Questions about X86 processors


I have two questions about X86 processors.

First: What is SSE? What is it for? Is it CISC architecture? Should a programmer that does not program in Assembly and does not program compilers learn SSE?

Second: 64-bits processors support 32-bits processors. If 64-bits processors replace 32-bits processors, should programmers compile app that uses less than 2 GB of RAM for 32-bits? 32-bits app uses smaller amount of memory and its binaries are smaller. The OS have to store shared libraries for both 32 and 64 bits, and it may be a problem.

Thanks


Solution

  • [Heh, while answering this question, it was migrated to superuser, then deleted, and now it seems to be magically back here.
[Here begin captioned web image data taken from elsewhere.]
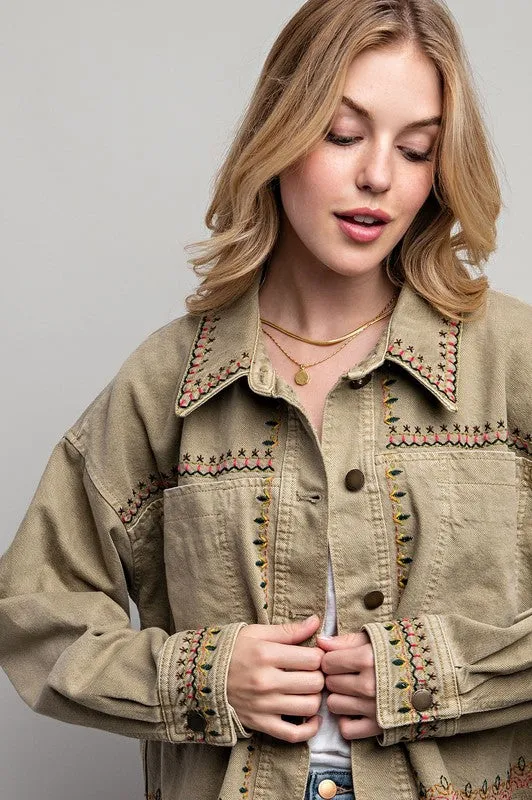 Sweet Generis Embroidered Washed Cotton Jacket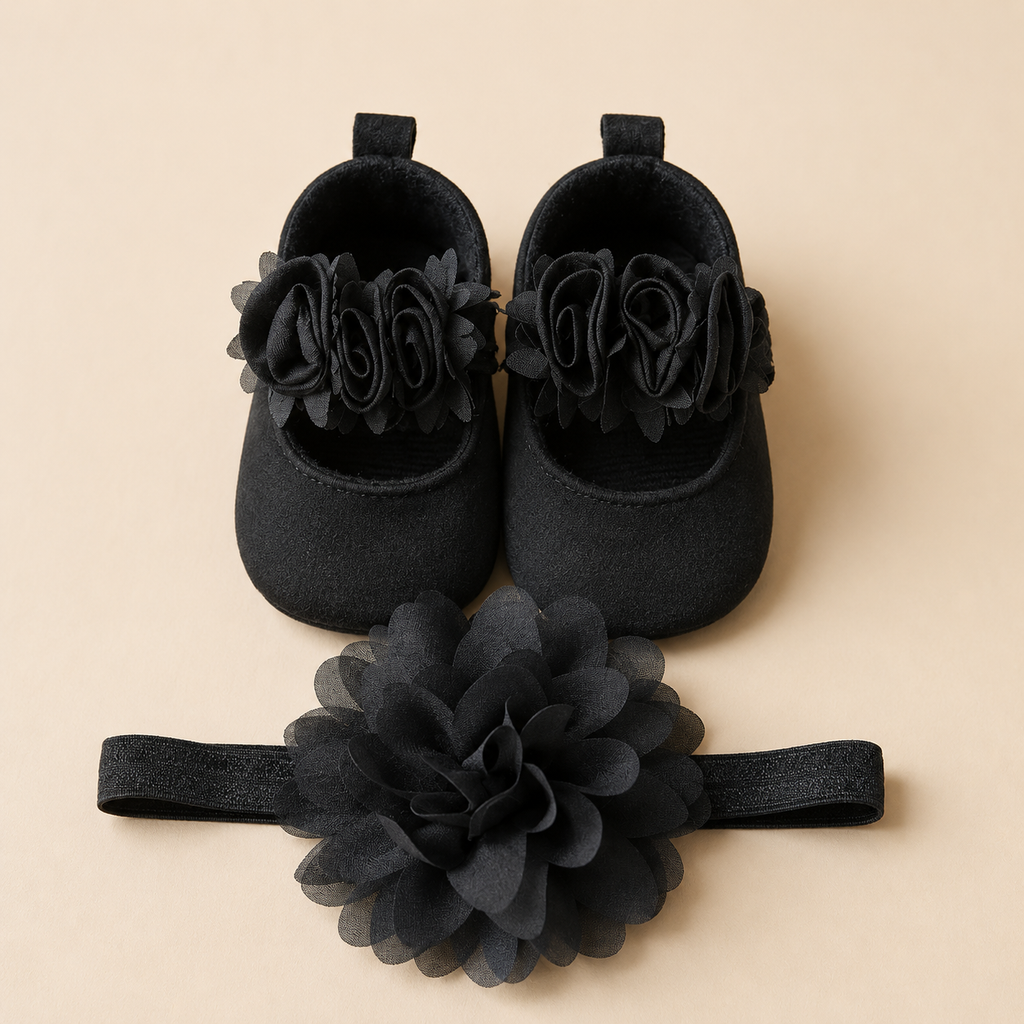 Chaussons bébé fille fleurs et bandeau fleuri – Ensemble cérémonie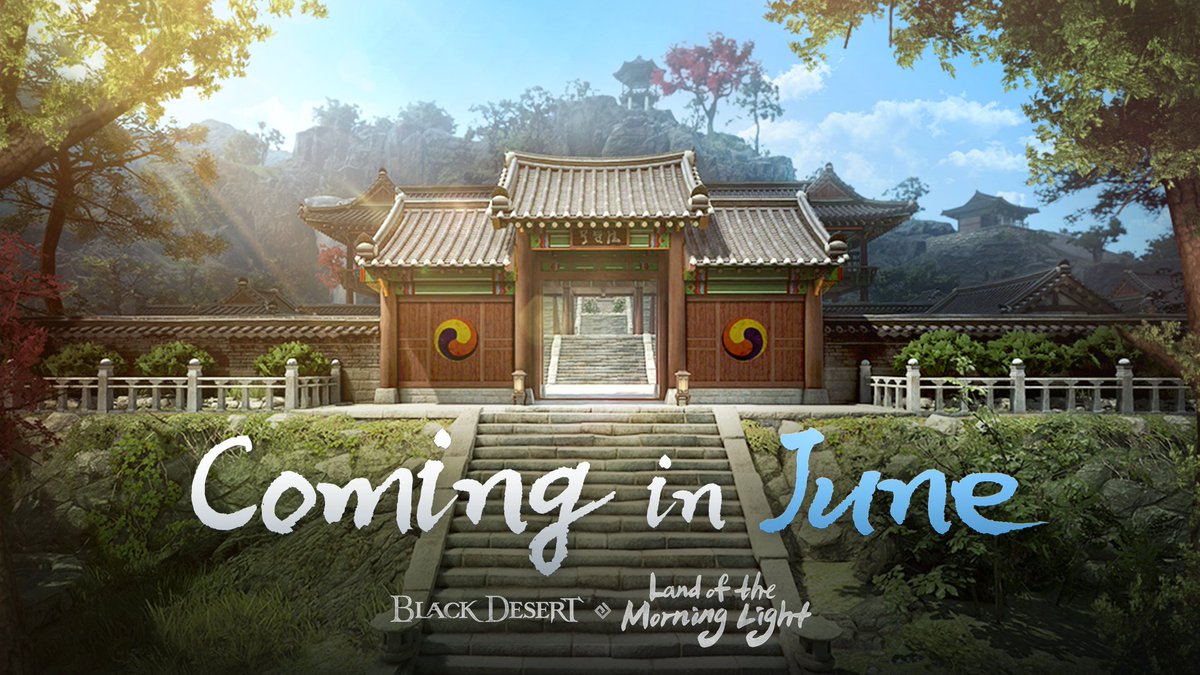 The early morning light glimmers from afar! 🌄 Discover the rich culture and tales of the Land of the Morning Light THIS JUNE. 👀 #BlackDesert #LandoftheMorningLight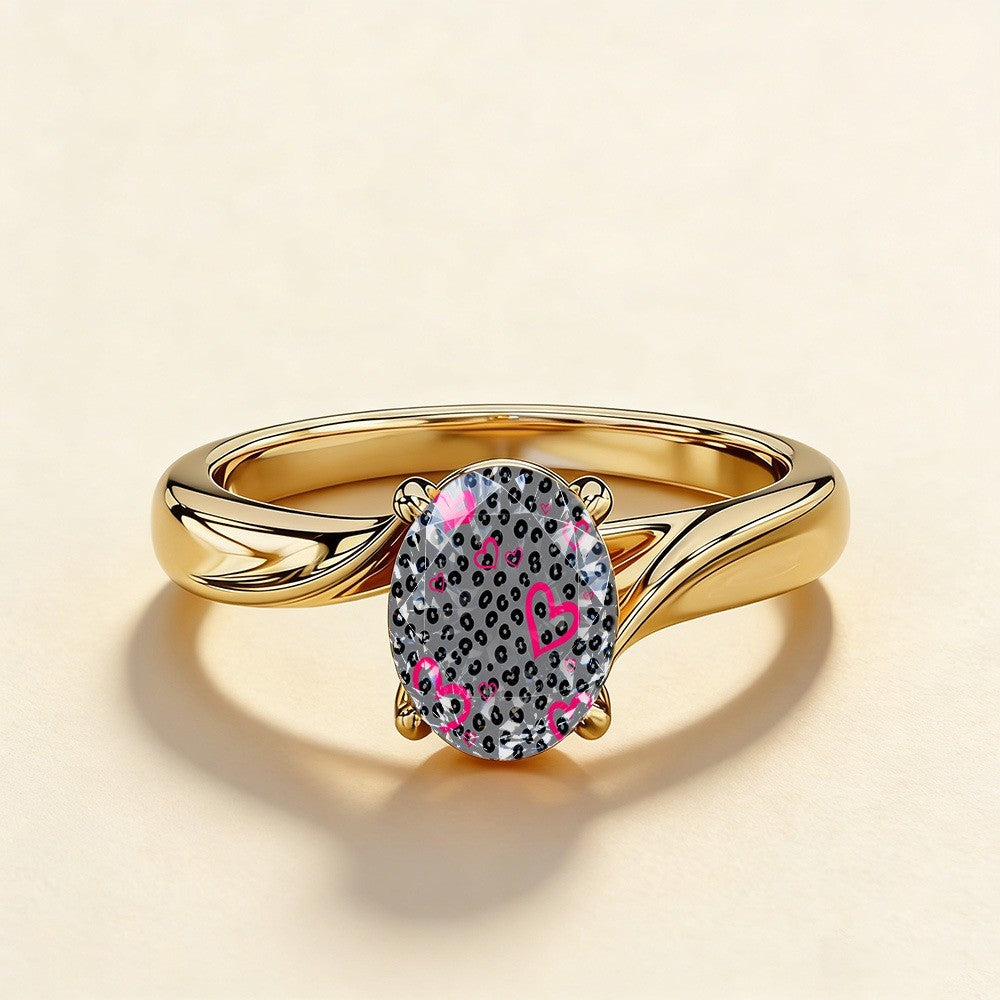 Pink Heart Leopard Oval Ring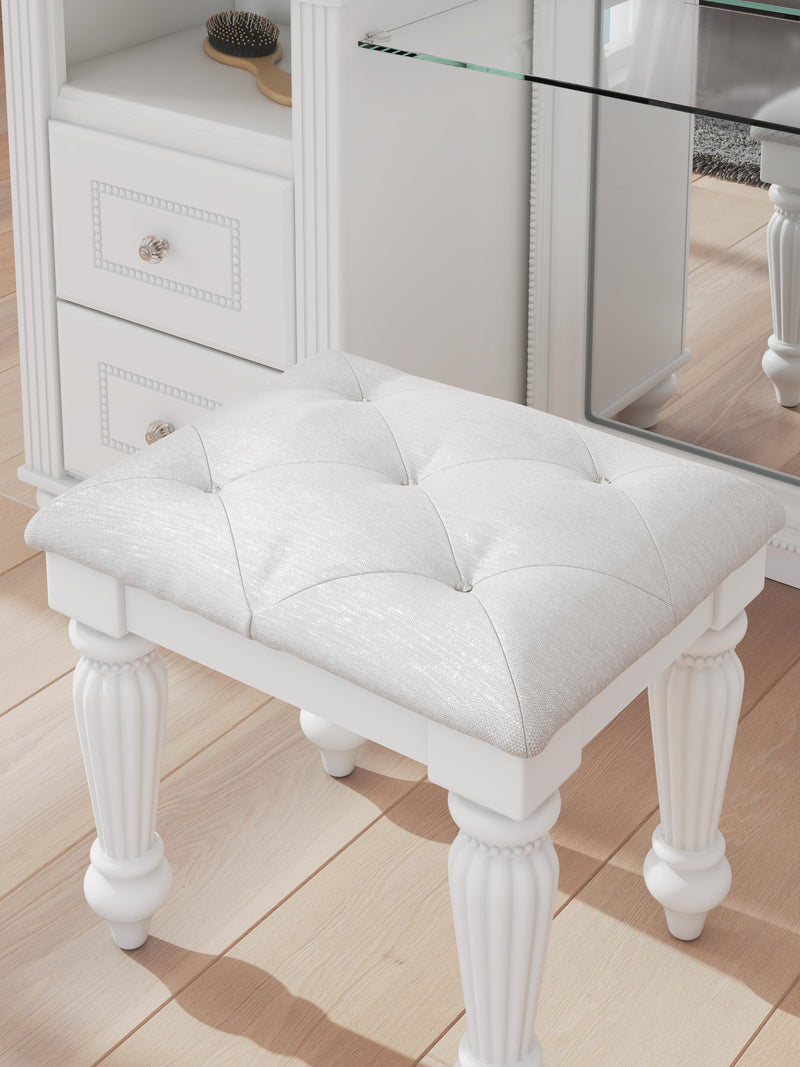 Kozlani White Vanity Stool - PCB1819-01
Third try is the charm!]

    I'm not well-versed in SSE, but it is a mechanism to operate on multiple datasets in parallel per clock cycle. (Older chips left a surprising amount of silicon idle per cycle; the chips got better at executing multiple instructions per cycle on their own, but it involved a fair amount of guesswork, and failed completely at some data-heavy algorithms.) So SSE takes a page from older SIMD systems, which allowed executing the same commands on multiple pieces of data. The setup time might have taken longer, but it got a lot done in the long term.

    Depending upon what you're trying to get done, it can make a huge difference, but most programmers will probably never need the sorts of tools that SSE can provide.

    As for executing 32 bit processes on 64 bit processes to save memory, that's a real possibility. But when AMD were first introducing the x86-64 instruction set, they were very careful to point out the new instructions and additional registers that could improve performance on tasks that weren't running out of address space or performing many 64-bit arithmetic operations. They mentioned that most people would probably want most code to be executing in 64-bit mode, but that the performance speedups would be subtle most of the time.

    So, with the exception of Firefox and Flash, 64-bit is ubiquitous, and the memory expansion due to larger pointers doesn't seem to be a big issue.